Geoffrey Tabo Olok in 2016 enrolled at Aalborg University to study e-learning for his PhD. What is growing out of his action research is a new teaching and learning system at Gulu University that incorporates e-learning into the traditional and the newly adopted Problem Based Learning (PBL) approach. Olok and his supervisors now have their eyes on an ambitious plan to establish a centre of excellence in ICT research and learning not only for Gulu University but also to improve Africa’s relevance in that area.

In November 2019 he submitted for examination his thesis titled “Designing Infrastructure for Learning: Technology and Human Praxis.” The plan at first was for him to be co-supervised in Uganda and Denmark just like the rest of his BSU supported colleagues. At Gulu there was no capacity and they thought of Makerere as an option. The idea he had presented was about building an e-learning system basically from scratch. When he went for his first study stay in Denmark a decision was taken to enrol him fully at Aalborg.

A lecturer of Computer Science and IT, he was not studying e-learning in the pedagogical (teaching) perspective. Rather, he was looking at building infrastructures to support e-learning from technological, humanistic and policy perspectives.

“Normally we look at e-learning from a technical perspective, installing systems, and leave out the human perspective. When we do that, many times systems fail. My research combines all the three elements and I call it socio-technical, socio-cultural perspective,” he says. “I wanted to know the human elements that can inform building of ICT systems, looking at it from the social culture perspective. Can we include the people’s voices into what technology can deliver? That became my motivation.”

“The most interesting thing I came across is that research around infrastructure is very new in Uganda or in Africa, because there are basically no publications around that. Human infrastructure, as part of the system build up, is often ignored, leading to rejection,” he adds.

Olok also found that other universities’ attempts to deliver e-learning have not been sustainable, mainly because the beneficiaries [teachers] are not involved in developing them. “They are imposed through projects by agencies or organisations that think they are good.”

“When you talk about infrastructure here people think about roads, buildings, highways and all these data highways. They forget to talk about infrastructure as part of a system build up to what they want to deliver. Many times we have left humanities completely out of this game and humanities have got a whole new nexus to contribute to building infrastructure that suits their interest. And because we don’t do that normally, they tend to be resistant to change from their ways of doing things to a new way of doing something,” he says.

Olok found during his research that people don’t necessarily resist because of ignorance, but because they were not involved in the developmental of such a system.

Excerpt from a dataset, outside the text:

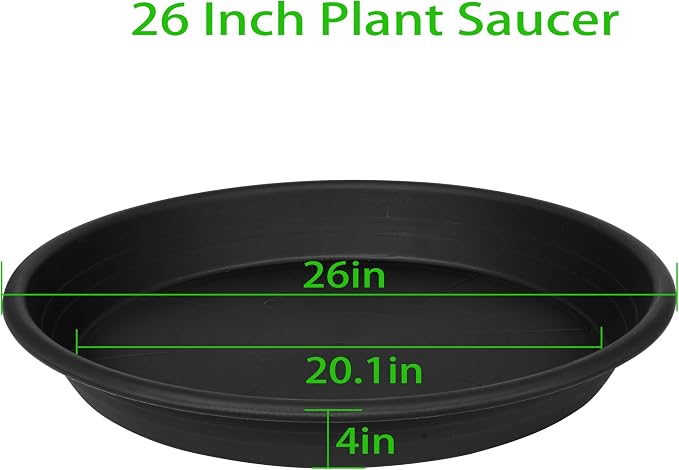 2 Pack of 25 26 inch Extra Large Plant Saucer, Extra Deep 4.2" Tray for Flower Pot, Heavy Sturdy Plant Drainage Tray for Indoors, Bird Bath Bowls, Plant Plate Water Catcher for Pots (26", Black)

Some papers he has read, he says, consider technicians part of the infrastructure because without them a system cannot run, and the policies which enable a system to work are the organisational infrastructure.

“We end up only talking about the physical infrastructure, forgetting about the conceptual ideas behind this physical infrastructure, which to me I think is a very nice thing for us to begin to debate,” he stresses.

Olok’s e-learning system comes with the participation of teachers, which he says makes the system more adaptable. He did his baseline study at Muni, Makerere, Busitema, Kyambogo, Gulu and Uganda Christian University. While some seemed relatively fine, such as Makerere and Muni, others were really struggling.

“I looked at more project oriented ideas. If ‘project A’ is bringing in all this and they want to support e-learning, it ends with all that it has done. The top-down approach seems to have let down many institutions and now we think that building it from the ground so that the staff are the one pushing for that kind of service is more sustainable,” he says. “All of us seem to be struggling but we still want to attain the same goal. My belief is that when we bring the staff on board, because the students are on board already, we shall succeed,” he says.

Bring your own device concept

Over the last two years, Olok has been using what he calls the Bring your own device concept whereby there is no formal computer lab. Students come with their personal gadgets and the lab is set. When the lesson is done everyone goes home with their gadgets and the learning material. Tabo says this has worked well them. In a research he did with Masters students he found out that they now want to study using smart phones and other mobile devices.

“It is not the problem of students anymore. It’s the problem with the teachers. They need to believe,” he says.

One of the challenges the system faces is related to integrity. Teachers fear that when their content is uploaded on learning platforms, someone else may be assigned to use the same content, and they end up losing what they have built over time.

“What we are telling them is that we are going to have a high level of integrity such that you are the responsible person for your own content. Somehow the reception seems to be going in the right direction.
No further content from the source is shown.